Op 21 september jl. werd door de NCRV in het programma ‘Netwerk’ de reportage ‘Noorse Broeders: wel geld verdienen, geen belasting betalen‘ uitgezonden. In de reportage werd gesteld dat de Noorse Broeders veel geld verdienen aan het arbeidsbureau ‘DWN Service’, dat door hen zelf is opgericht. DWN Service zet de door haar klanten gevraagde medewerkers in als vrijwilligers en staat de opbrengst volledig af aan de Stichting Christelijke Gemeente Nederlands (CGN). De geloofsgenoten van CGN worden de ‘Noorse Broeders’ genoemd. DWN Service en CGN zijn door de Belastingdienst aangemerkt als Algemeen Nut Beogende Instelling. Hierdoor zijn ze vrijgesteld van onder meer inkomsten- en vennootschapsbelasting.
In de reportage komt onder andere FNV vertegenwoordiger Nuyten aan het woord. Hij stelt onder meer: “Het is bewuste ontduiking van de wet op het minimumloon en CAO en van de loonbelasting en sociale premies en ik vind dit ongehoord dat dit op deze manier gebeurt“. Verder stelt hij “Ik vind het te gek dat de belastingdienst dit accepteert en dat wij via de belastingdienst gewoon een toch wel enigszins dubieuze instelling aan het subsidiëren zijn (…)“.

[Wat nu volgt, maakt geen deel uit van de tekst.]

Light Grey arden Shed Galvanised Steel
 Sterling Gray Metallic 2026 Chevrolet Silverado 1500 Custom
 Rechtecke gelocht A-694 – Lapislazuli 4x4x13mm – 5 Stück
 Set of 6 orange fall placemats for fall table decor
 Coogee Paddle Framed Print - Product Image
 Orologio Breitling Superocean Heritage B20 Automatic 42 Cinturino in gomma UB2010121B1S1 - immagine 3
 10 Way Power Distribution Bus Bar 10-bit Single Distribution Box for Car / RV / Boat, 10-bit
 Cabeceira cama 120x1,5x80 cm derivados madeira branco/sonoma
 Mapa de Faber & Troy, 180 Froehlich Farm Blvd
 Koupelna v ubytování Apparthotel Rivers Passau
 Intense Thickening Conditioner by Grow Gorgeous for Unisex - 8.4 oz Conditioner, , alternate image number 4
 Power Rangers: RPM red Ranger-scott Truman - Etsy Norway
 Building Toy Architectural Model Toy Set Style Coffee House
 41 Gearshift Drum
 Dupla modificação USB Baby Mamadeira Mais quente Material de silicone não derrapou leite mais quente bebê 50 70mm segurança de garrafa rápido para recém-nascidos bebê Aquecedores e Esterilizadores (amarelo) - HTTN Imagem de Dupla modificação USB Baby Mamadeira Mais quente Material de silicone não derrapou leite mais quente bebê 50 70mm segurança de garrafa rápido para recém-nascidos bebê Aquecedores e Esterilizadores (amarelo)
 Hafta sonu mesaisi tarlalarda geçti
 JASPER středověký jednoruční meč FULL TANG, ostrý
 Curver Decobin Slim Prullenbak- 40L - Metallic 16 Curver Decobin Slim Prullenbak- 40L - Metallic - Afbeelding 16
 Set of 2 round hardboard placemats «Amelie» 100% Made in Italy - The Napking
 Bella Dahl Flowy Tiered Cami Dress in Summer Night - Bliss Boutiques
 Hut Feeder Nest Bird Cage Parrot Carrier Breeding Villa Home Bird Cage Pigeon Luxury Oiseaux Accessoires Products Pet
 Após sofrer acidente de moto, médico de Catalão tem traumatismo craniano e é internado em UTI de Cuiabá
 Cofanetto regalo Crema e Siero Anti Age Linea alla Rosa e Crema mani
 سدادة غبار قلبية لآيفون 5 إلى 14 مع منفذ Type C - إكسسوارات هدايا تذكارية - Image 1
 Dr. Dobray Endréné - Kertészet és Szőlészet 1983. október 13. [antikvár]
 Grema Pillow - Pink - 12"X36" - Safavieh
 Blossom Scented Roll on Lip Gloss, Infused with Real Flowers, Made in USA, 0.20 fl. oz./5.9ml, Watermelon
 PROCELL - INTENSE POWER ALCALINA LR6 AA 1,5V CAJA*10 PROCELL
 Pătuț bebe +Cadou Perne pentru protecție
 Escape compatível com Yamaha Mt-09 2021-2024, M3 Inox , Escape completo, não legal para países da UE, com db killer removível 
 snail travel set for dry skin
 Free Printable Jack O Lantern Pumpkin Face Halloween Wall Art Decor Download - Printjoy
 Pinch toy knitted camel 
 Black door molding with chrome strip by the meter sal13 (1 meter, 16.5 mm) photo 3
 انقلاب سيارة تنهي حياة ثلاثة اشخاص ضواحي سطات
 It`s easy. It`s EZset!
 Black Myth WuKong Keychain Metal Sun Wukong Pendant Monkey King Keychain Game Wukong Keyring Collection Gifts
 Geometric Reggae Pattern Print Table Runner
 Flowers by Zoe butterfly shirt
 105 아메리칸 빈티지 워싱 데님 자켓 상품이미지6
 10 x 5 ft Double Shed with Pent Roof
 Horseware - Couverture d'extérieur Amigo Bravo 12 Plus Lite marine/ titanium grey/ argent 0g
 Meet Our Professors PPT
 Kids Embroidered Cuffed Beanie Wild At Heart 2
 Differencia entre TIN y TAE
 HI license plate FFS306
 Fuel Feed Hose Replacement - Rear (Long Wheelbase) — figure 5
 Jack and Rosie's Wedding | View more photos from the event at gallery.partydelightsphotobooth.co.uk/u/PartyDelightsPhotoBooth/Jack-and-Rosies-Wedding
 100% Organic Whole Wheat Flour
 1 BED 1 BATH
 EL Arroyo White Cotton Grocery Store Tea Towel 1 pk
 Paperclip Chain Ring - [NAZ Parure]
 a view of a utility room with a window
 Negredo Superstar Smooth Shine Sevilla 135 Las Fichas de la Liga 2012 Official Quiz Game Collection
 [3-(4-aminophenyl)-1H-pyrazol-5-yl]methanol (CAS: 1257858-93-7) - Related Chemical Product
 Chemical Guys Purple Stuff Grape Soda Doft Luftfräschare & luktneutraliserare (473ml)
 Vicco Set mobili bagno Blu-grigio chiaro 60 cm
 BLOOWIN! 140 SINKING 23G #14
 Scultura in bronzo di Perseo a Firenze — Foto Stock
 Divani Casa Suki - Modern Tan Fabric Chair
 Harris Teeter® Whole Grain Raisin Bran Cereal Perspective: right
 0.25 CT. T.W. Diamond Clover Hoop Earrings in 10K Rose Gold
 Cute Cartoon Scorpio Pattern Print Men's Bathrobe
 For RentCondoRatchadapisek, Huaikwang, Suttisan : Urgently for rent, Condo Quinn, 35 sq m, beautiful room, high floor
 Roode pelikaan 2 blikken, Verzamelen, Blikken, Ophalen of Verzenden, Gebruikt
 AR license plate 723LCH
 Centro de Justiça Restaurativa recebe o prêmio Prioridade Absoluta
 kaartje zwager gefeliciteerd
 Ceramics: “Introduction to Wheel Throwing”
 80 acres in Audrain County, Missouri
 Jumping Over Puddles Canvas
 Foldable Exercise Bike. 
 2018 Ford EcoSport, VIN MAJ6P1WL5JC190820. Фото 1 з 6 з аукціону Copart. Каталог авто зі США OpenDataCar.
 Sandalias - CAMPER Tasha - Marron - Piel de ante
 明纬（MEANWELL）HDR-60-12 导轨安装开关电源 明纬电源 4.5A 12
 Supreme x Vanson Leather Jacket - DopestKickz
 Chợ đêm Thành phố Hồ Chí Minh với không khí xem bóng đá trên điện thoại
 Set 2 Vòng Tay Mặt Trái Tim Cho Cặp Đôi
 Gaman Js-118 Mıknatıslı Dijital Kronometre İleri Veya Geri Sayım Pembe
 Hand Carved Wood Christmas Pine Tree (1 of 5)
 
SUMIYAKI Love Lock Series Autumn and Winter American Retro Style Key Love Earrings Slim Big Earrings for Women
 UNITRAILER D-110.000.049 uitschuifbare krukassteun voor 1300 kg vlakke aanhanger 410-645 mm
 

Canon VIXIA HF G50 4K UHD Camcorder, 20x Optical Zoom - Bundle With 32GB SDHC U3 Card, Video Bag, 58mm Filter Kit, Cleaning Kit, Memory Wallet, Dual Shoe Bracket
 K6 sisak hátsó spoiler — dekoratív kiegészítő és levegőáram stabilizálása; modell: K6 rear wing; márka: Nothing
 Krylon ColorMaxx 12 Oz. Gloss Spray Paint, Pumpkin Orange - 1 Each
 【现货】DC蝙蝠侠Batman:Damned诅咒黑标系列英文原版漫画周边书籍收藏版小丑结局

DWN Service spant vervolgens een kort geding aan tegen de NCRV en de FNV en eist onder meer verwijdering van verwijzingen naar de reportage en rectificatie van de uitingen. Zij stelt ten onrechte te worden beschuldigd van belastingontduiking en belastingfraude. De NCRV meent dat zij de reportage met de nodige zorgvuldigheid heeft gemaakt. Verder stelt de NCRV dat de constructie die DWN Service hanteert weliswaar rechtmatig is, maar dat dat niet betekent dat dit niet aan de orde mag worden gesteld in een journalistiek programma. De FNV sluit zich hierbij aan.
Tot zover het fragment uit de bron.